**TO DO:** From the line with "介於兩判斷尺度之間 (Strong Plus)" through the line with "adhd-symptoms.jpg", repeat the entries verbatim, both end lines included, and add nothing.

**INPUT FOR THIS TASK:**
§

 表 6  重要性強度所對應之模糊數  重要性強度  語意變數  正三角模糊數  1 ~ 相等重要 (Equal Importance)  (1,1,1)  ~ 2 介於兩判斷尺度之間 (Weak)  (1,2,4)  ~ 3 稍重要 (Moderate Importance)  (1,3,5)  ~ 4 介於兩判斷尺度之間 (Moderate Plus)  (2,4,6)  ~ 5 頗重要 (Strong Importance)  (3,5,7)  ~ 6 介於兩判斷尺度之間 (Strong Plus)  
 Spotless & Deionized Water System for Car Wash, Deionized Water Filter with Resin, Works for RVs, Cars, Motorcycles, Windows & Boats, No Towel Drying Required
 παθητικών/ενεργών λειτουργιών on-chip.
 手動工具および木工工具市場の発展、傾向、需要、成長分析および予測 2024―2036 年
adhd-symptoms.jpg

§

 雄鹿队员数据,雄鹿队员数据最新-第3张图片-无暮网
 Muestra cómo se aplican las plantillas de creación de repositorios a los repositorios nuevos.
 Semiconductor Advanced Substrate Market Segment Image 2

§

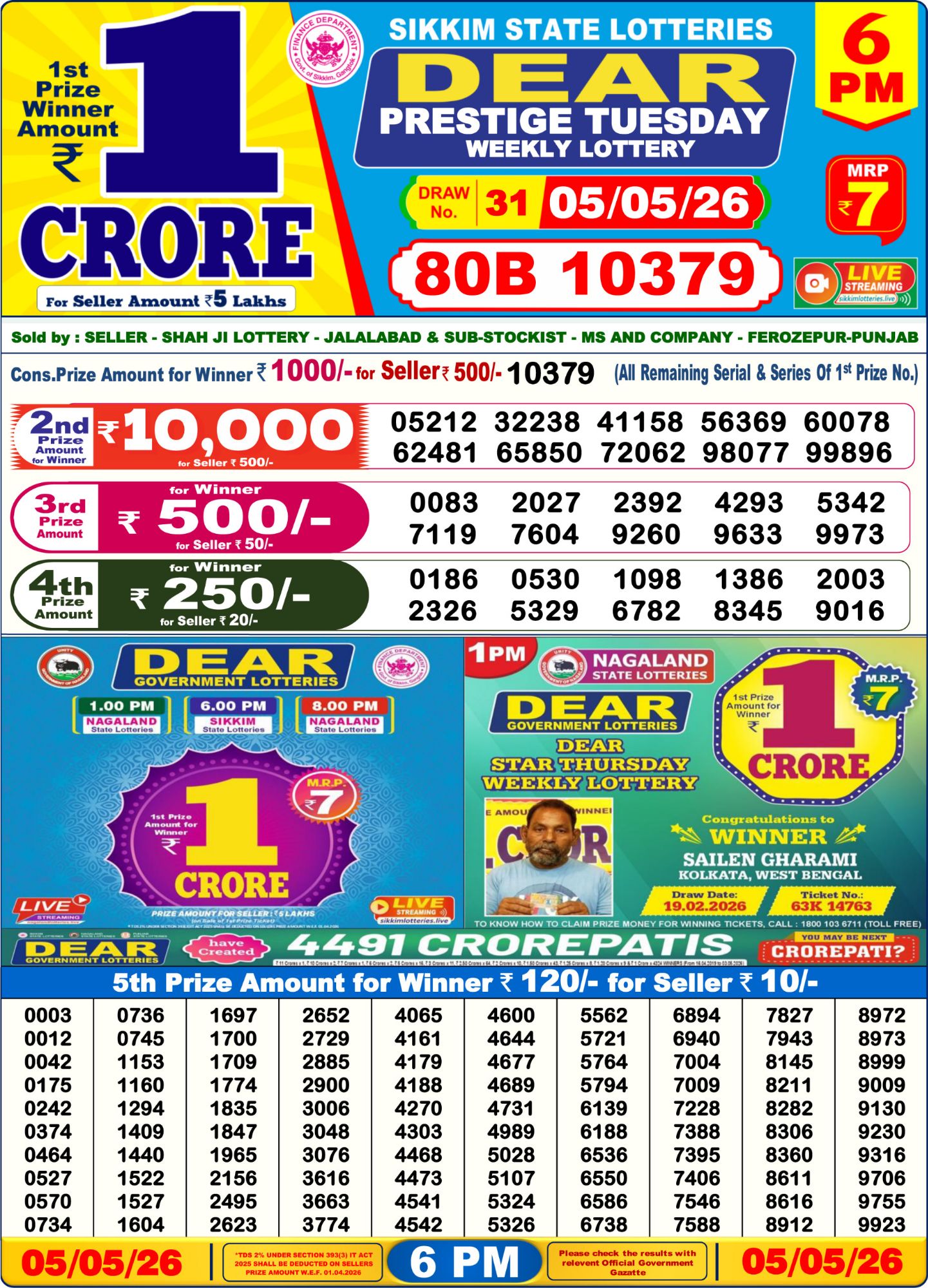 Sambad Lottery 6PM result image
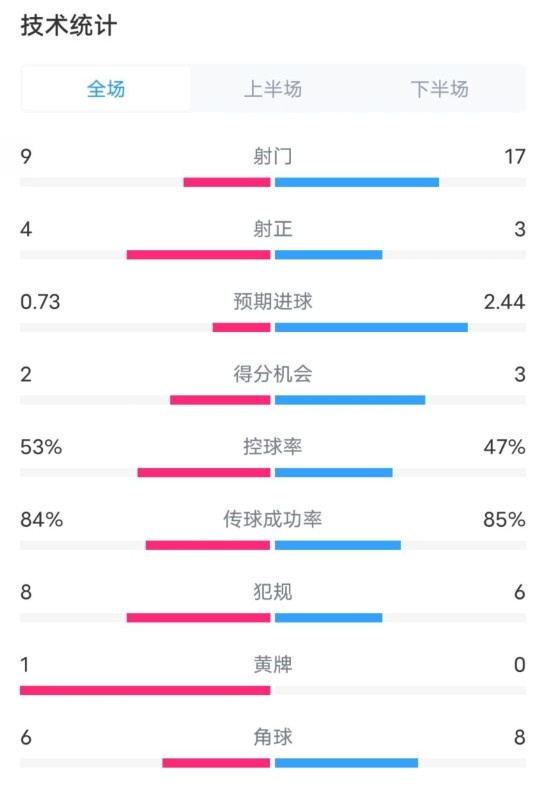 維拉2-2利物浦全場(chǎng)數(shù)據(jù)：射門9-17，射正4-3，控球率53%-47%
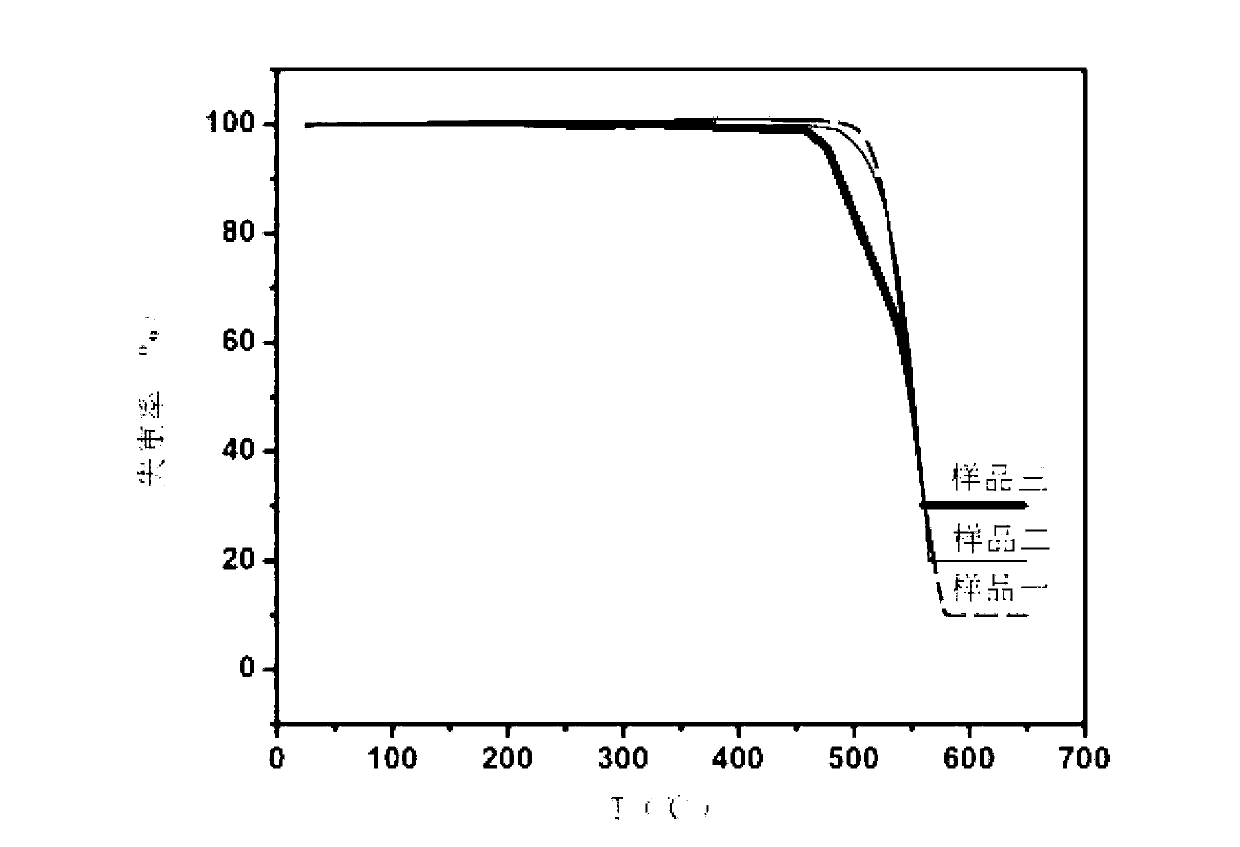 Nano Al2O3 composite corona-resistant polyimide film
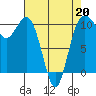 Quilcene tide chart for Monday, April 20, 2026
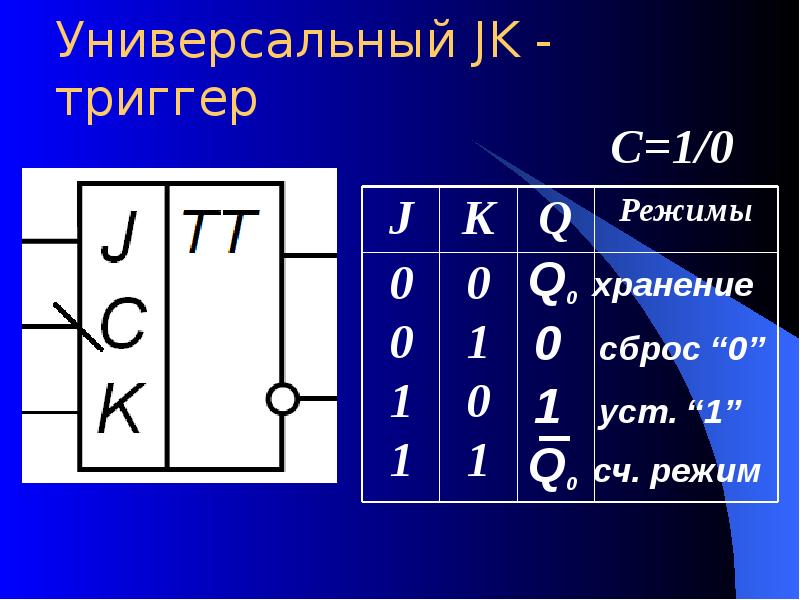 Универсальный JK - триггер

§

**TASK RESPONSE:**
 表 6  重要性強度所對應之模糊數  重要性強度  語意變數  正三角模糊數  1 ~ 相等重要 (Equal Importance)  (1,1,1)  ~ 2 介於兩判斷尺度之間 (Weak)  (1,2,4)  ~ 3 稍重要 (Moderate Importance)  (1,3,5)  ~ 4 介於兩判斷尺度之間 (Moderate Plus)  (2,4,6)  ~ 5 頗重要 (Strong Importance)  (3,5,7)  ~ 6 介於兩判斷尺度之間 (Strong Plus)  
 Spotless & Deionized Water System for Car Wash, Deionized Water Filter with Resin, Works for RVs, Cars, Motorcycles, Windows & Boats, No Towel Drying Required
 παθητικών/ενεργών λειτουργιών on-chip.
 手動工具および木工工具市場の発展、傾向、需要、成長分析および予測 2024―2036 年
adhd-symptoms.jpg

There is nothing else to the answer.